My morning routine usually begins with a cup of coffee first (of course). Then, turn on lap top and check email. Then, move on to browsing through the Huffington Post. The front page has the serious news on the top and, as I scroll down, a variety of articles. Some of which I can really live without. Like those involving anything about the Kardashians, Miley Cyrus or a celebrity’s clothing problems. After checking out the front page, I might go to their spiritual section which tells you how to control your stress, be happy and get enlightened in 5-8 steps. Third stop, Post 50 with all the advice and article for those over 50.
One blogger I like a lot is Ann Brenoff. Her post today is about the actress Honor Blackman or better known as, the title of the blog says, “ Most Famous Bond Girl, Pussy Galore, [Turns, 89].”
Ann’s blog triggered some thoughts and memories for me. I remember seeing “Goldfinger” at a drive-in theater with my boyfriend when I was 16. At that time, before women’s lib and when I did not have any knowledge of women’s history, I found this character’s name offensive. I did not see her as an inspiring role model for me. Like, “Guess what mom? , I want to grow up to be like Pussy Galore.” It sounded like a porn star. While many boys probably fantasized about themselves as James Bond.
Not wanting to be unfair to Ms. Blackman, I did a little research on her career. I found she was in the original “Avengers” series and her character “Mrs. Cathy Gale” was apparently an inspiration to feminists in England.
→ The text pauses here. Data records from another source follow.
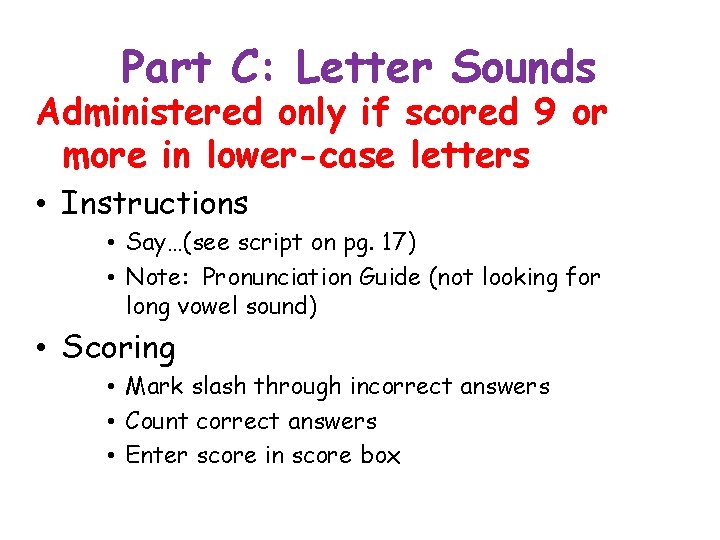 Part C: Letter Sounds Administered only if scored 9 or more in lower-case letters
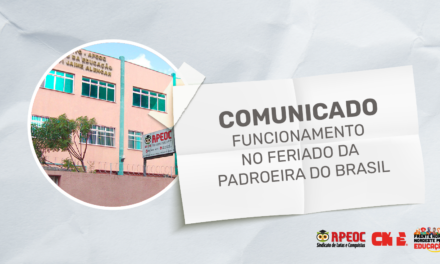 COMUNICADO: FUNCIONAMENTO NO FERIADO DA PADROEIRA DO BRASIL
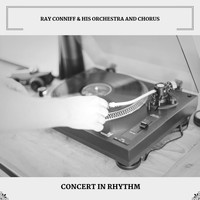 Ray Conniff & His Orchestra and Chorus - Concert In Rhythm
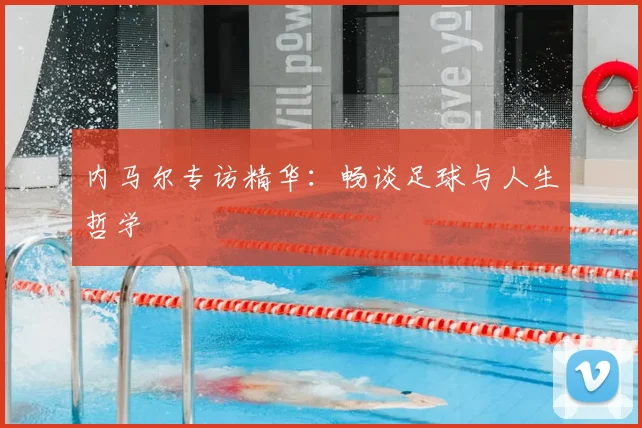 内马尔专访精华:畅谈足球与人生哲学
I do understand that women have not always been given strong roles in films. And I admire Ms. Blackman for going strong at 89.
“Goldfinger” also got me thinking about Drive-In movies. During the summer growing up, I stayed at my grandmother’s house in Clear Lake. The only movie theater in town was a drive-in. It would be very dark in the country at night and my cousin and I would walk to the drive-in with flashlights. On the way, we would see the flattened bodies of many dead frogs that had been attracted by the headlights of passing cars and run over. We would take a blanket with us and watch the movie sitting on the ground.
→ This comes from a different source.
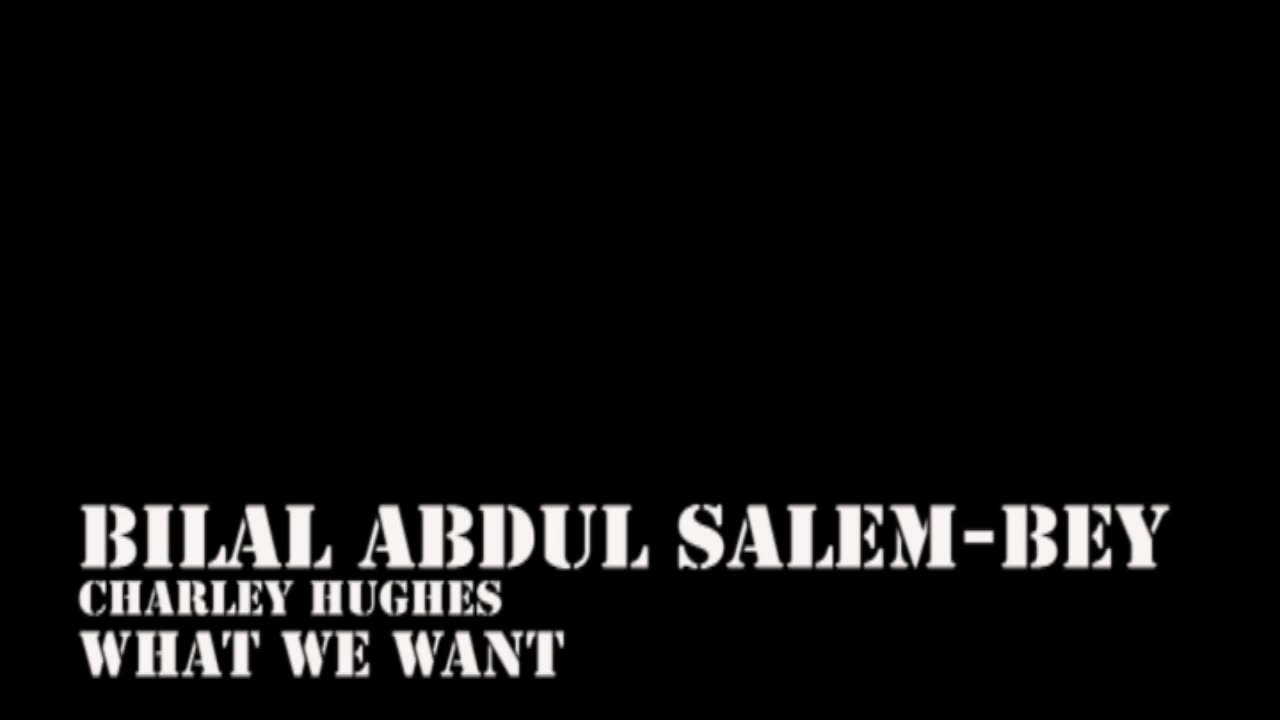 🎙️Bilal Abdul Salem Bey-Charley Hughes🔘 - What We Want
Going to the drive-in was a popular date night activity when I was a teenager. The price was reasonable for the movie and a snack and it was an opportunity for young lovers to be alone.
Drive-ins were popular with families with children as well. You could bring the whole family, including babies and toddlers, and not worry about the kids making noise.
When my kids were really little, we took them to drive-ins with us when we didn’t have a babysitter. On a trip up the coast one summer we stopped in Santa Barbara. We had our 18 month old son with us and the only way we could see a movie was to go to a drive-in with him.
If you’re curious about movie theater history, I found an interesting website.
I have some happy memories about summer and drive-in movies. How about you?